Three times throughout the trial, Asa is detained and eventually banned from the courtroom because of his outbursts when he finds out the other two men who raped me were in fact, the ones who helped him carry me to the car after he found me. I didn’t know them up until the trial, but when I see Greg, and the tattoo on his hand, that’s when I knew where the memory came from.

For a while I thought maybe it had been Xander, but it wasn’t. He willingly took a DNA test. I never knew Xander to be that kind of guy. He could be a douche, but a rapist? Truth is, I don’t think there is any single trait to define a rapist. I certainly never thought Roman would be one.

And then comes the verdict because that’s the part that matters, right? That’s the part of all this when you find out who is guilty, and who is simply a victim of circumstance.

Six months from the day I stepped foot in the Olympia Police Department, a jury finds Roman Winslow guilty of aggravated sexual assault and sentences him to three years in jail. He’s required to register as a sex offender for life. He’s suspended from UW and had his scholarship revoked.

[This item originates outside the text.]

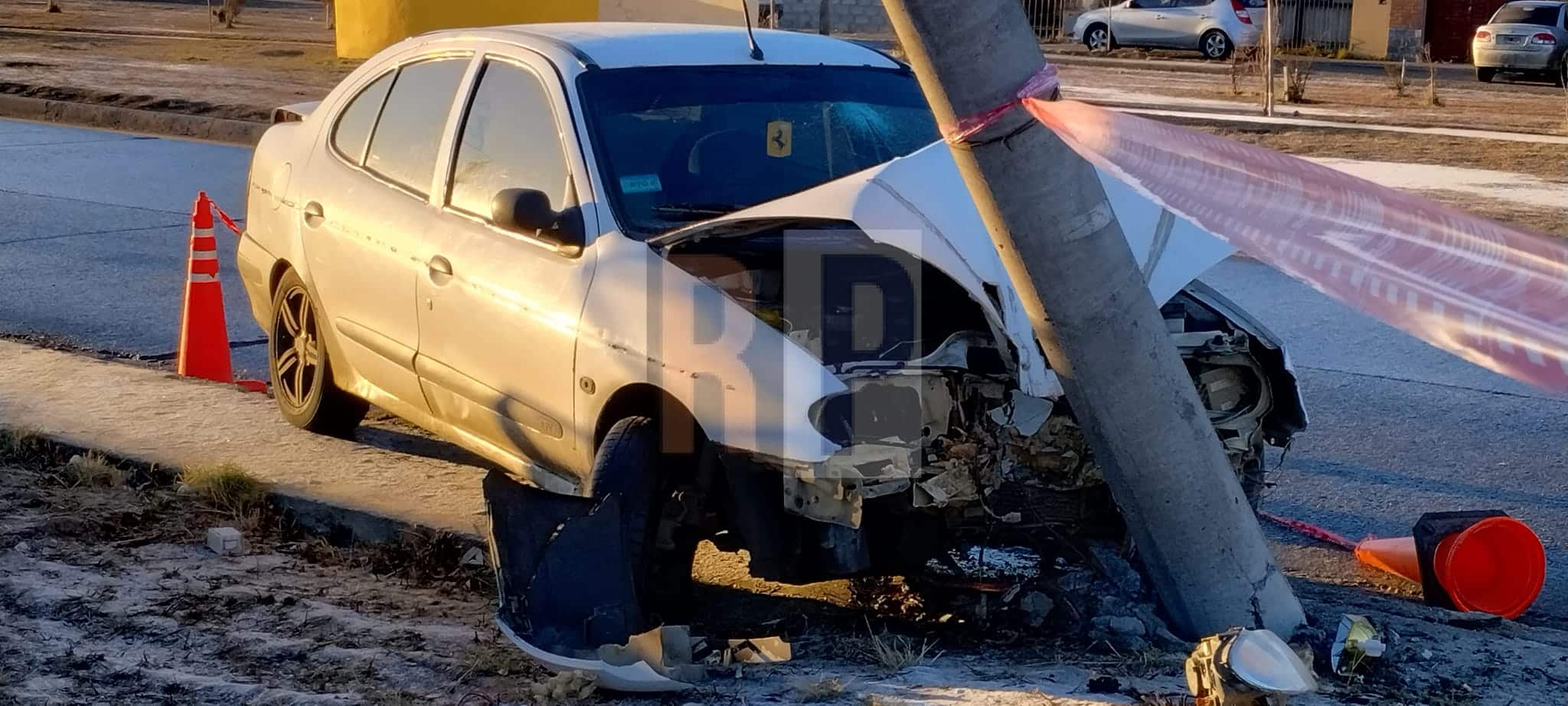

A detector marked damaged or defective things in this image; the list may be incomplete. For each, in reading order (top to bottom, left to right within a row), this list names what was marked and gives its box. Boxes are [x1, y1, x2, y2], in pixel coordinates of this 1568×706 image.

His football career is over.

But it’s not enough.

Nothing is enough when I look the judge in the face at the sentencing where he overrules the jury and he says the words, “Low-risk to re-offend,” and gives him one year in county jail and three years of probation.

Probation. That’s like fucking detention. Asa loses his shit on the judge, nearly costs him his own scholarship and career, but if you ask me, it’s justified for us to feel this way. Toby and Greg, they receive a maximum sentence of five years. They, in many ways, take the fall for Roman.

Even after all that, the pain, the reminders, the anxiety and the depression that follows, it’s unbearable. Though I don’t know how, I manage to continue on. I keep pushing forward. I go to therapy, and I go again, and the next day, and the day after that. I talk to Joey. I talk to Cadence—who testifies against Roman. I talk to Remy—who also testifies against him. I talk to two other cheerleaders who came forward that they, in fact, don’t remember, but think something might have happened in Roman and Codey’s dorm room. None of that matters because in this case, the justice system failed me. They failed us. They failed women all over the world because regardless of being guilty, justice doesn’t always follow.

And finally, I talk to my boyfriend. I let Asa hold me at night. I confide in him and let him help me through it all. I don’t turn away from him and I keep moving forward. It’s not easy. There are still days when it’s too much. Days when I think I can’t take this any longer. I also have days when the nightmares are so bad I can’t sleep. Before they had no face, and now that they do, it’s terrifying.

I keep going because if I don’t, me, Waylon, Joey… our voices mean nothing. I keep going because they might have broken a piece of me, but my attackers, they don’t get to decide how I live my life regardless of the decision. I’m taking back my power. I’m rewriting my own story.

There comes a day when you have to decide. Are you going to turn the page or close the book?

I’m going to the next chapter.

THE NIGHT AFTERthe trial ends with the verdict shocks us all, Asa and I lay together in bed, in our home we’ve been sharing for the last six months. We try to make sense of what it means.

“What happens now?” I ask him, my head on his chest as I listen to his breathing, my eyes on the mason jars lining our headboard. Each one displays a quote he’s put inside to remind me that I can and will get past this. My favorite one?

Asa turns his head, his breathing light, his words whispered like a feather touching my skin. “We move forward.”

In the last six months, I didn’t think we could ever get past this, especially with the rage and aggression Asa showed through the entire process. “How?”

“I don’t know.” He sighs, his chest expanding with his breath. His hand moves to my cheek. I twist my head slightly and look up at him. “I love you.”

“I don’t know how you do.” It hurts to say that, but it’s the truth. I’ve put him through hell. Asa would have been better off to let me go that night and went on with his life without me. I’m thankful he didn’t, but it will never stop those feelings.